Understanding Overlay Network Technology

Introduction

In the traditional historical stage, the network of the data center is based on the three-layer architecture (core, aggregation, access) as the basic standard. In the specific implementation process, with the continuous development of technology, different manufacturers have different ways of organization. Some manufacturers add virtualization technology to the core layer to achieve virtual separation of the core layer and the aggregation layer on the physical device, making the overall network architecture flat; some manufacturers add virtualization technology to the aggregation layer and the access layer to achieve virtual separation of the aggregation layer and the access layer on the physical device. However, no matter how it changes, the basic principle of Ethernet network transmission has not changed, and it is necessary to rely on network addresses and physical addresses to control forwarding. However, with the development of cloud computing, the scale of most data centers is moving towards the direction of large-scale and ultra-flexible needs. Then there are problems such as the difficulty of cross-regional migration and protection of virtual computing, the limited scale of cluster network isolation, and the limited overall network resources of the data center. It is in this historical background that the Overlay network represented by vxlan debuts.

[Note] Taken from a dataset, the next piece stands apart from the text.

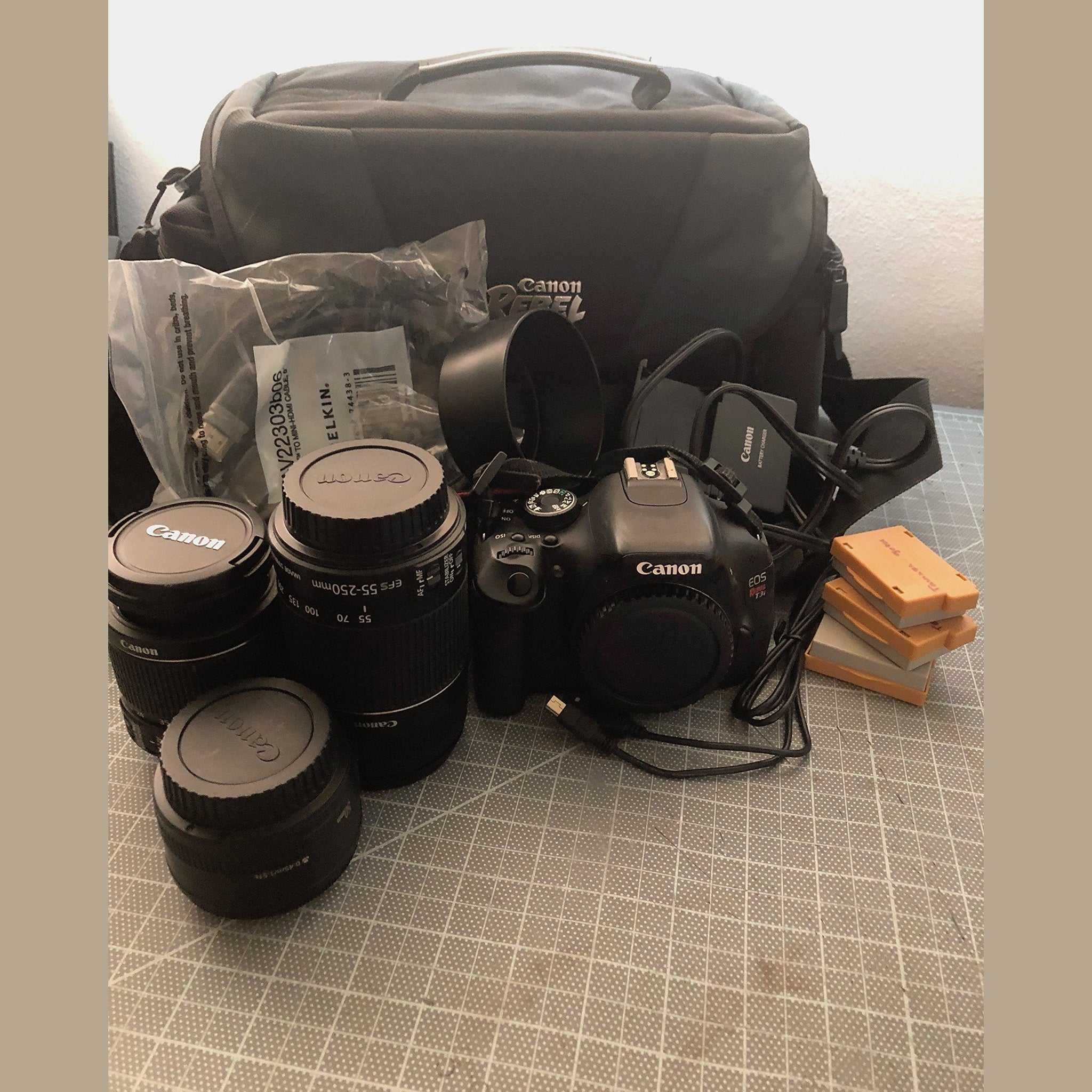 Canon EOS Rebel T6 Digital SLR Camera Kit with EF-S 18-55mm f/3.5-5.6 is II Lens, Built-in WiFi and NFC - Black Renewed - Reconditioned Canon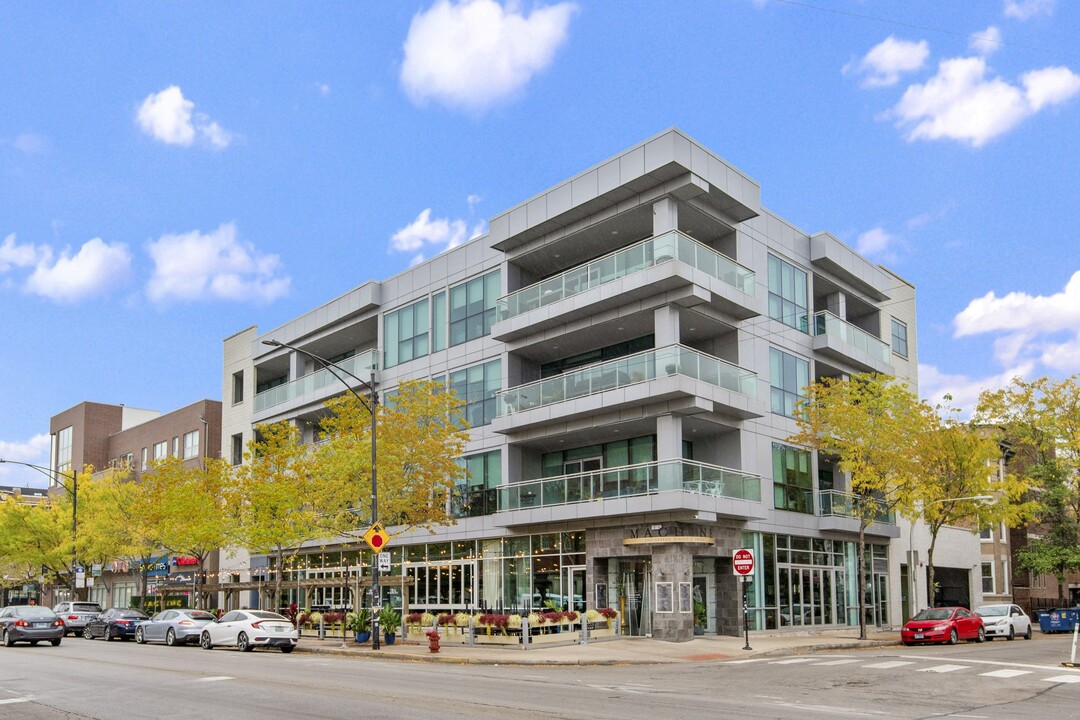 1846 W Division Apartments in Chicago, IL - Building Photo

1. What is Overlay Network?

1.1 Basic Architecture of Overlay Network

Overlay network technology refers to a virtualization technology model superimposed on the traditional network architecture. In other words, it is based on the premise of the traditional network architecture, and realizes the bundling of applications and their virtual networks while ignoring the transmission mode and technology of the underlying physical network. To understand the Overlay network architecture system, we first need to know its composition architecture and elements. To understand these things, we must start with the differences between it and the traditional physical network architecture to understand it in detail, as shown in Figure 1.1:

Figure 1.1 Overlay & Traditional Physical Network Architecture

As shown in Figure 1.1, the Overlay network architecture is a virtualized network built on the underlying physical network layer. In other words, we have partially adjusted the traditional physical network and established a set of virtual transmission channels through logical abstraction. Then you may have a question: "How do we complete data transmission in this virtual network?"

Since the virtual network channel is established, the data packets transmitted by the application must be sent and transmitted based on the data packets that the virtual network can identify, and must be transmitted in accordance with the channel control standards in the virtual network. However, the physical transmission process of the message has to rely on the traditional physical network, which involves the encapsulation and decapsulation of the message, the maintenance of the logical channel, and the logical and physical forwarding of the data. This involves the three core elements of the Overlay network:

Edge device: A network device directly associated with a virtual network. It is the place where data packets are encapsulated/decapsulated. It is also a physical node that forms a virtual network, such as the physical switch shown in the figure (it must be a switch that supports the Overlay protocol).
Control plane: A virtual entity in the framework, responsible for service discovery, address notification and mapping, virtual network channel establishment and maintenance in virtual network transmission, as shown in the control flow in the virtual layer in the figure.
Data plane: A virtual entity in the framework, mainly responsible for forwarding data messages in the virtual layer, such as the data flow of the virtual layer in the figure.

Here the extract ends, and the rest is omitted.